Question (1): Is it true $\underset{x\to\infty}{\text{lim}}\ g(x)=0$?
If the answer to question (1) is no, I'm wondering if the function $g(x)$ can be evaluated arbitrarily close to zero as $x\to\infty$. Here is a list of values of $x$ and $g(x)$ starting at $x=3$ where the magnitude of $g(x)$ in each subsequent entry in the list is smaller than the magnitudes of $g(x)$ for all smaller values of $x\ge 3$. The list was started at $x=3$ because $g(2)=0$ which I suspect is the only zero of $g(x)$. The values of $g(x)$ were search all the way up to $x=1000000$.
$$\begin{array}{cc}
x & g(x) \\
3 & -0.666667 \\
4 & -0.416667 \\
6 & -0.15 \\
10 & 0.0753968 \\
17 & 0.00779972 \\
42 & -0.00552823 \\
106 & 0.00042345 \\
516 & 0.000249329 \\
1230 & 0.000111979 \\
1234 & 0.000106715 \\
1260 & -0.0000321944 \\
1267 & -\text{9.63619537368769$\grave{ }$*${}^{\wedge}$-6} \\
28673 & \text{1.0486208171857959$\grave{ }$*${}^{\wedge}$-6} \\
163635 & -\text{1.0115813722810309$\grave{ }$*${}^{\wedge}$-6} \\
213491 & -\text{8.539627303654234$\grave{ }$*${}^{\wedge}$-7} \\
213873 & -\text{6.915942594565252$\grave{ }$*${}^{\wedge}$-7} \\
213877 & -\text{6.912444779115509$\grave{ }$*${}^{\wedge}$-7} \\
213966 & -\text{6.274832151405875$\grave{ }$*${}^{\wedge}$-7} \\
214358 & -\text{1.3308289434561706$\grave{ }$*${}^{\wedge}$-7} \\
214362 & -\text{1.329958423818724$\grave{ }$*${}^{\wedge}$-7} \\
500339 & \text{8.99566874867865$\grave{ }$*${}^{\wedge}$-8} \\
513326 & \text{1.9952399234664665$\grave{ }$*${}^{\wedge}$-8} \\
552079 & \text{1.022984743834322$\grave{ }$*${}^{\wedge}$-8} \\
552083 & \text{1.0190476629886284$\grave{ }$*${}^{\wedge}$-8} \\
552162 & \text{4.955322537652748$\grave{ }$*${}^{\wedge}$-9} \\
\end{array}$$
Question (2): If the answer to question (1) is no, can the function $g(x)$ can be evaluated arbitrarily close to zero as $x\to\infty$?
Best Answer
It follows from the prime number theorem that $\sum_{n\ge 1} \frac{\mu(n)}n$ and related series such as $\sum_{n\ge 1} \frac{\sum_{d|n} \mu(d) \mu(n/d)}n$ converge.

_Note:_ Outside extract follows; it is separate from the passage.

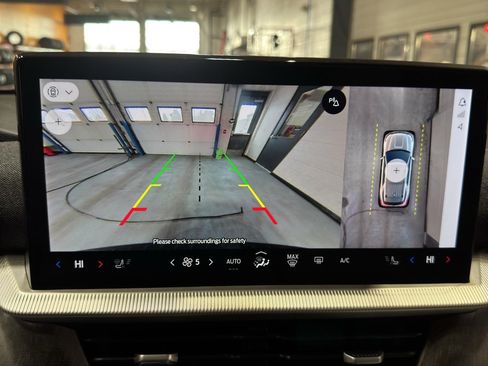 Used 2025 Ford Explorer Platinum w/ Ultimate Package image 33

The convergence of $\sum_{n\ge 1} \frac{\mu(n)}n$ implies the PNT, so does the convergence of $\sum_{n\ge 1} \frac{\sum_{d|n} \mu(d) \mu(n/d)}n$ (can you show it?).
It is elementary (partial summation) that if $\sum_{n\ge 1} \frac{b_n}n$ converges then the limit is $\lim_{s\to 1^+}\sum_{n\ge 1} \frac{b_n}{n^s}$, whence your series converges to $0$.